The council is chaired by former president Ali Akbar Hashemi Rafsanjani – Ahmadinejad’s main foe within the regime – and the majority of its members are, like him, conservative opponents of the president.

The conservatives are also attacking key Ahmadinejad allies. On January 10, the Majlis announced it was initiating an investigation into Esfandyar Rahim-Mashaei, the president’s chief of staff and closest confidant. The investigation will look at remarks and actions deemed to be controversial.

Mashaei has annoyed senior clerical figures in Qom by making what they see as his ill-judged comments on religious matters, such as suggestions that Islam as practiced in Iran was a specifically national rather than universal faith. His role as head of the High Council of Iranian Affairs Abroad has also led to allegations that he forged inappropriate political contacts.

Finally, his enemies even accuse him of being a foreign agent deep in the heart of government, who deliberately makes trouble to sow dissent.

Ahmadinejad has already had a run-in with the Supreme Leader over his friend and ally. A month after the 2009 presidential election, he named Mashaei as his first vice-president, but protests from conservative politicians and clerics led Khamenei to take the unprecedented step of instructing Ahmadinejad not to appoint him to this or indeed any other senior government position.

It took the president a full week to comply, and immediately afterwards he named Mashaei as his chief of staff and assigned him several other important tasks, making him de facto the second most powerful individual in the executive after himself.

Ahmadinejad is also under considerable pressure to withdraw his support from the current first vice-president, Mohammad-Reza Rahimi, whom Iran’s prosecutor general has accused of corruption.

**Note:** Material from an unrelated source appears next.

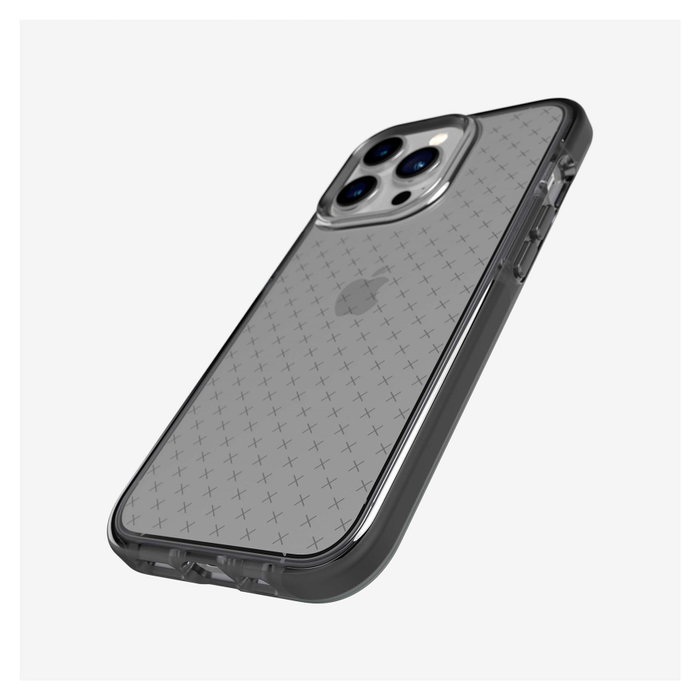 Tech21 EvoCheck Funda para iPhone 13 Pro - Negro y Transparente Tech21 EvoCheck Funda para iPhone 13 Pro - Negro y Transparente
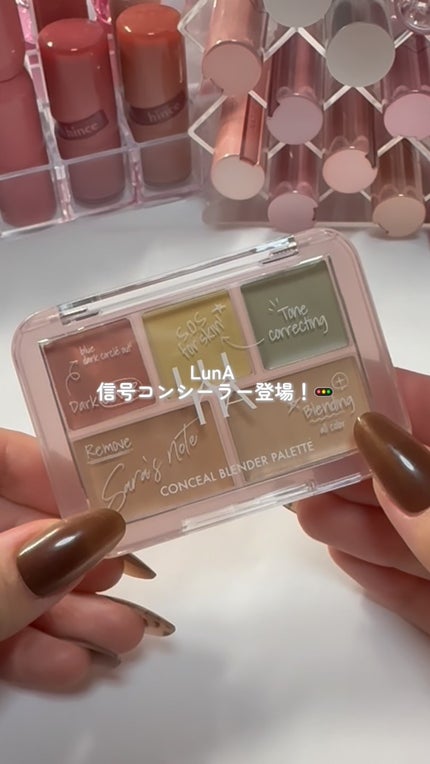コンシールブレンダーパレット/LUNA/パレットコンシーラーの人気ショート動画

Lawmakers have named Rahimi as the head of an alleged corruption ring whose other members are already under arrest for bribery and misappropriating government funds. (See Deputies Accuse Vice-President of Corruption.)

An insider source close to Khamenei says he has urged the president to allow the judiciary to decide his deputy’s fate. But Ahmadinejad has so far backed Rahimi solidly, saying that whatever financial transactions he may have engaged in were for the good of the 2009 election. Rahimi, who heads a government anti-corruption task force, has said the charges are an attempt to derail his attempts to uncover real wrongdoing.

If Khamenei’s support for Ahmadinejad continues to crumble, the president will be left in a vulnerable position, while the moderate conservatives ranged against him will be in a position to claim much more power in the next parliamentary election in early 2012, and on the political scene generally.

Omid Memarian is a journalist and Iran expert who lives in San Francisco.